• _What needs to be done_
Return the lines of the data below, from the one containing "OnePlus Nord CE 2 Lite Bumper deksel (sort)" through the very last, exactly and with both ends included; no pictures.

• _Data to examine_
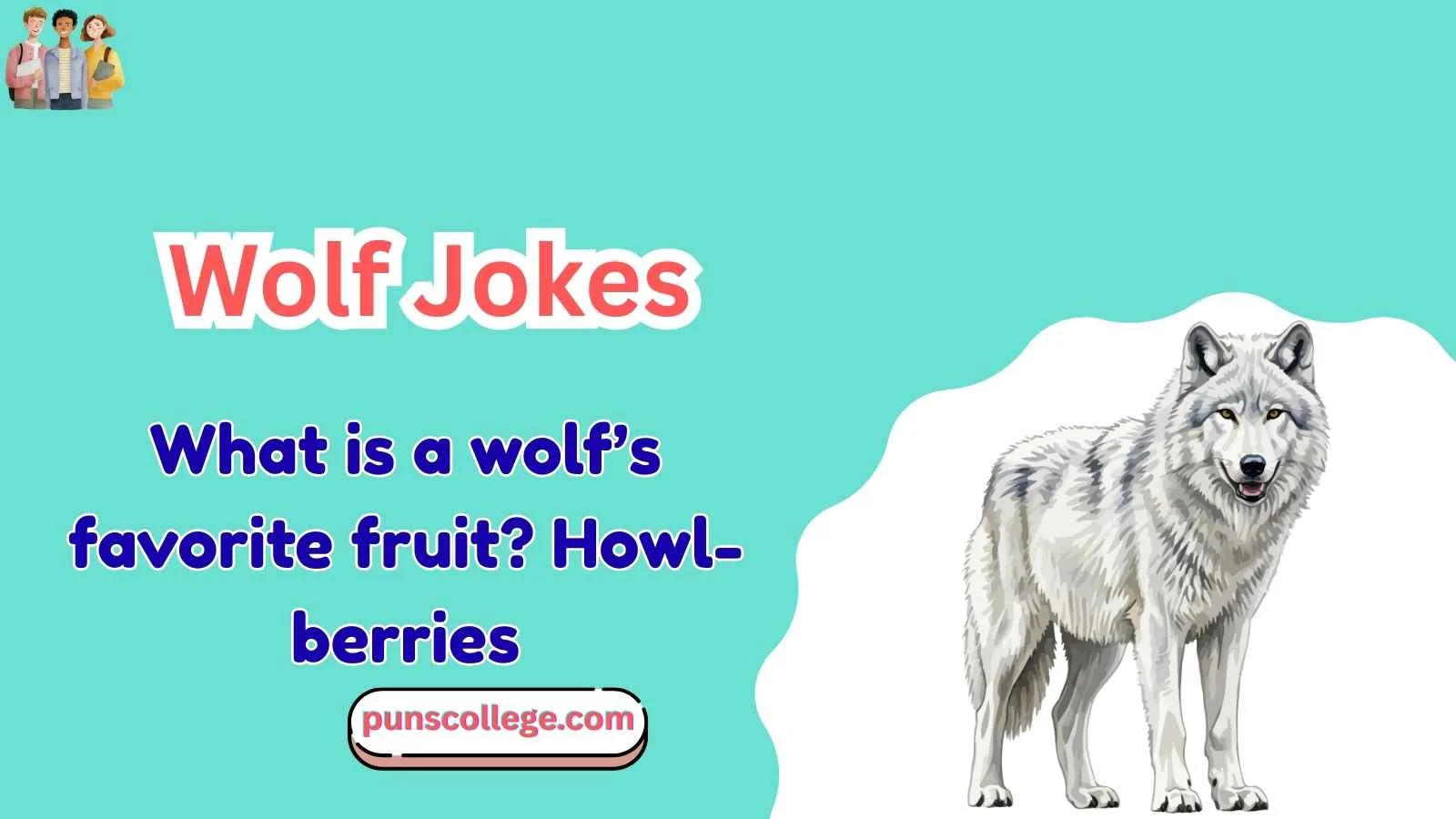 Wolf Jokes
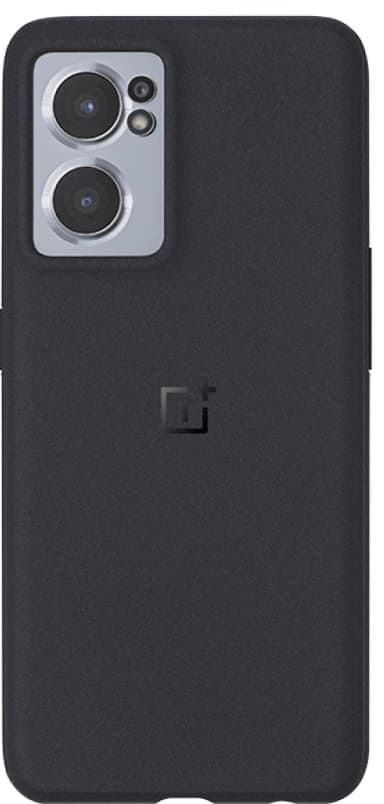 OnePlus Nord CE 2 Lite Bumper deksel (sort)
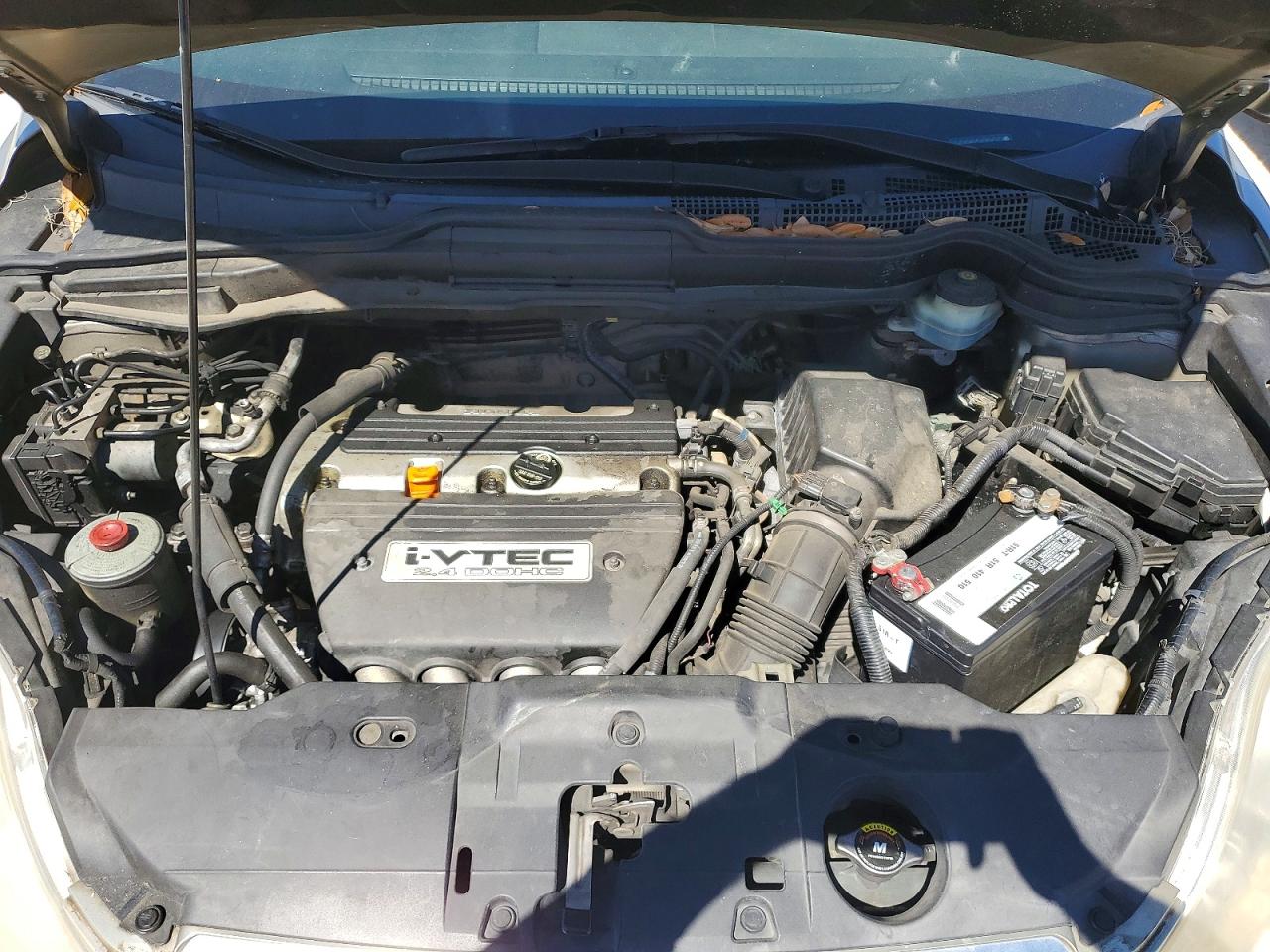 2007 HONDA CR-V EXL photo 31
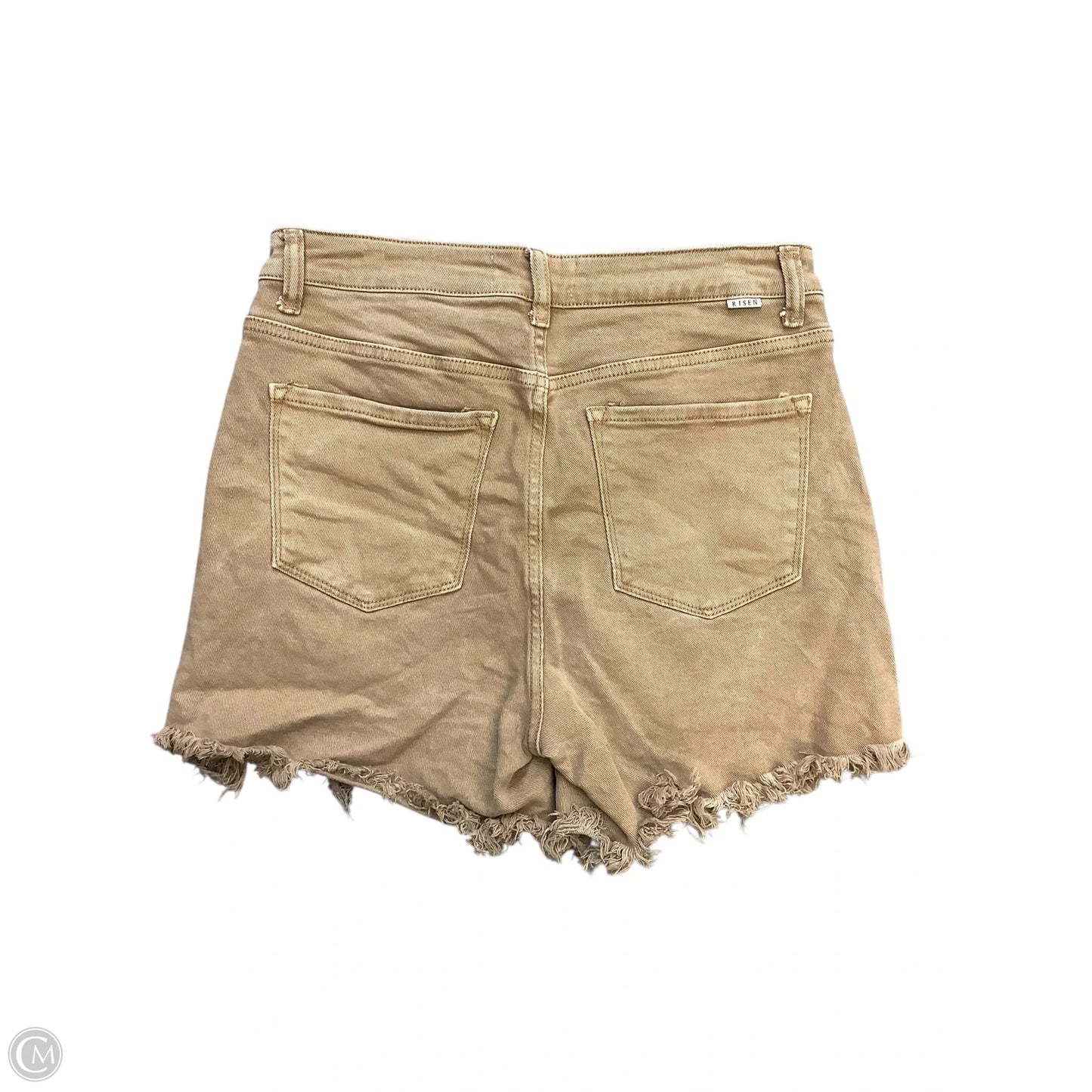 Shorts By Risen In Brown, Size: L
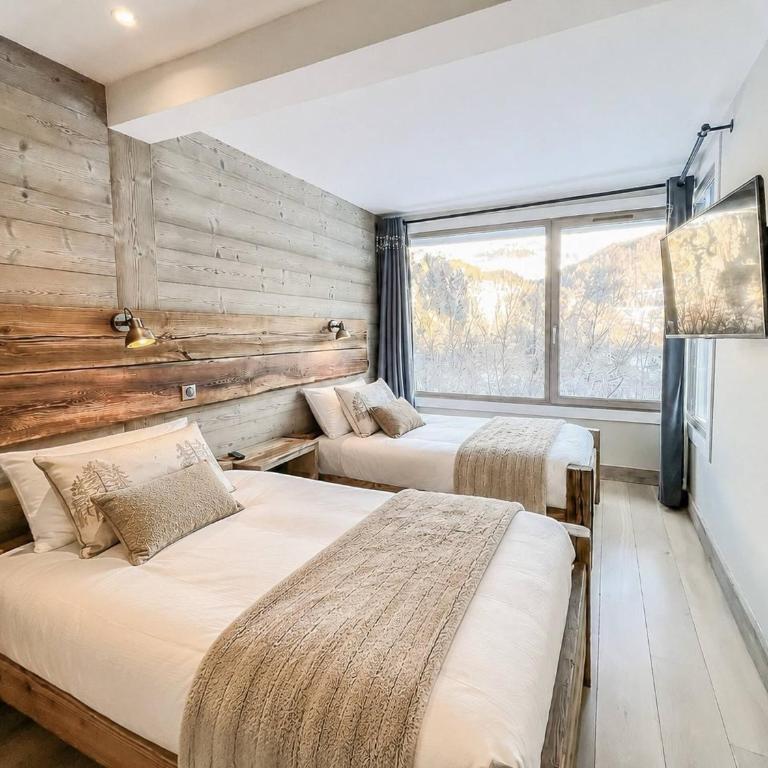 Chalet Le Mas Des Neiges - Valloire - Chalet - 6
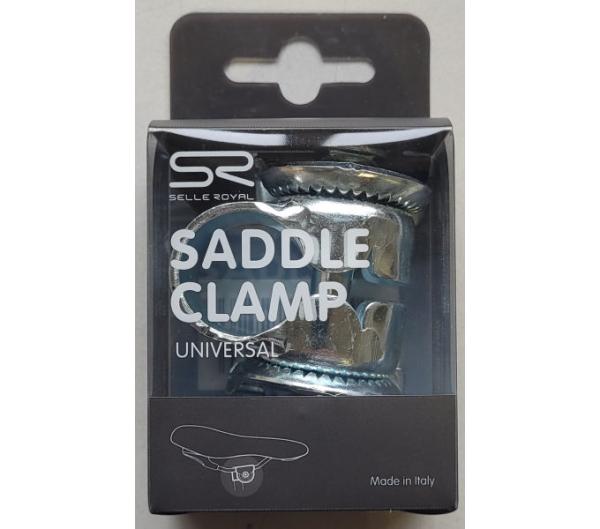 Selle Royal Selle Royal Sattelkolben Standard Silber Produktbild 1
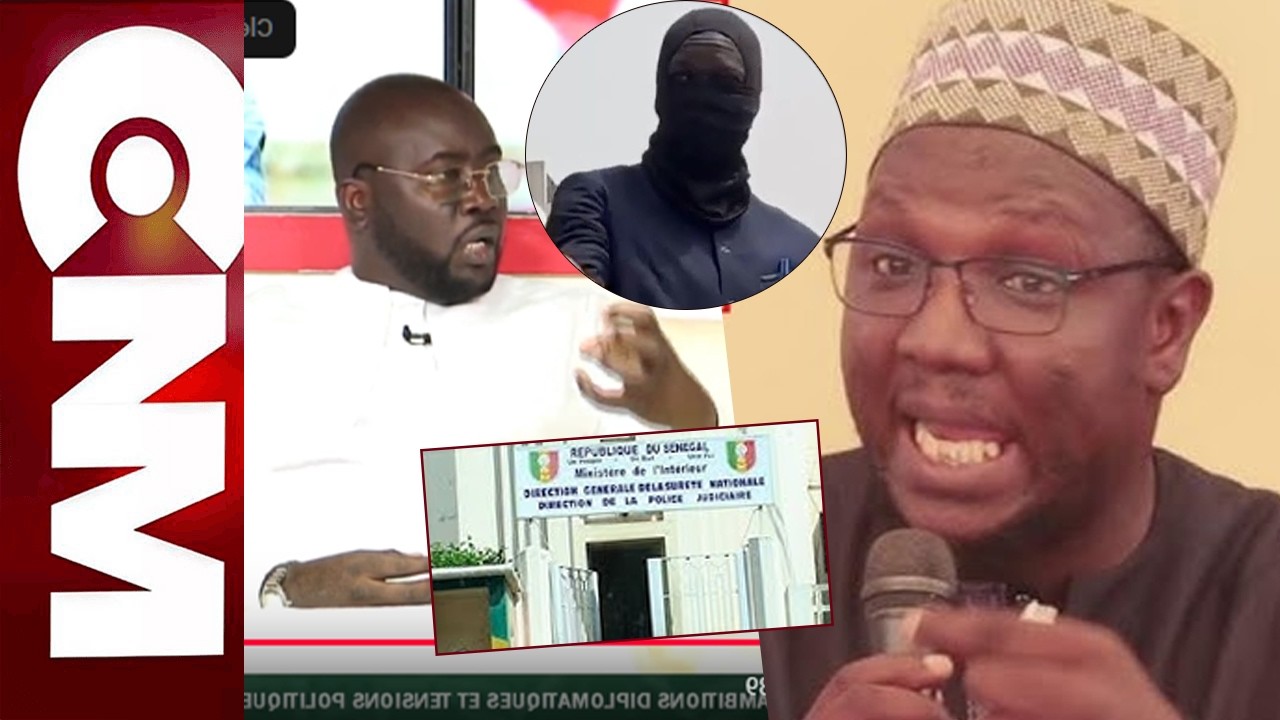 Cheikh Omar Diagne accuse gravement Sonko : Bara Diouf dément Paldi et lâche une bombe Capitale…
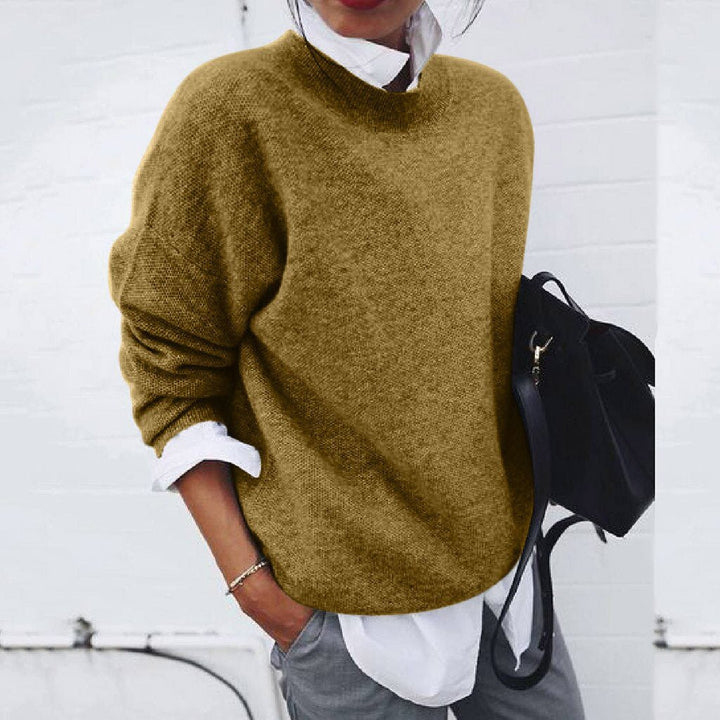 Ariana | Soft and Warm Cashmere Sweater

• _Expected answer_
 OnePlus Nord CE 2 Lite Bumper deksel (sort)
 2007 HONDA CR-V EXL photo 31
 Shorts By Risen In Brown, Size: L
 Chalet Le Mas Des Neiges - Valloire - Chalet - 6
 Selle Royal Selle Royal Sattelkolben Standard Silber Produktbild 1
 Cheikh Omar Diagne accuse gravement Sonko : Bara Diouf dément Paldi et lâche une bombe Capitale…
 Ariana | Soft and Warm Cashmere Sweater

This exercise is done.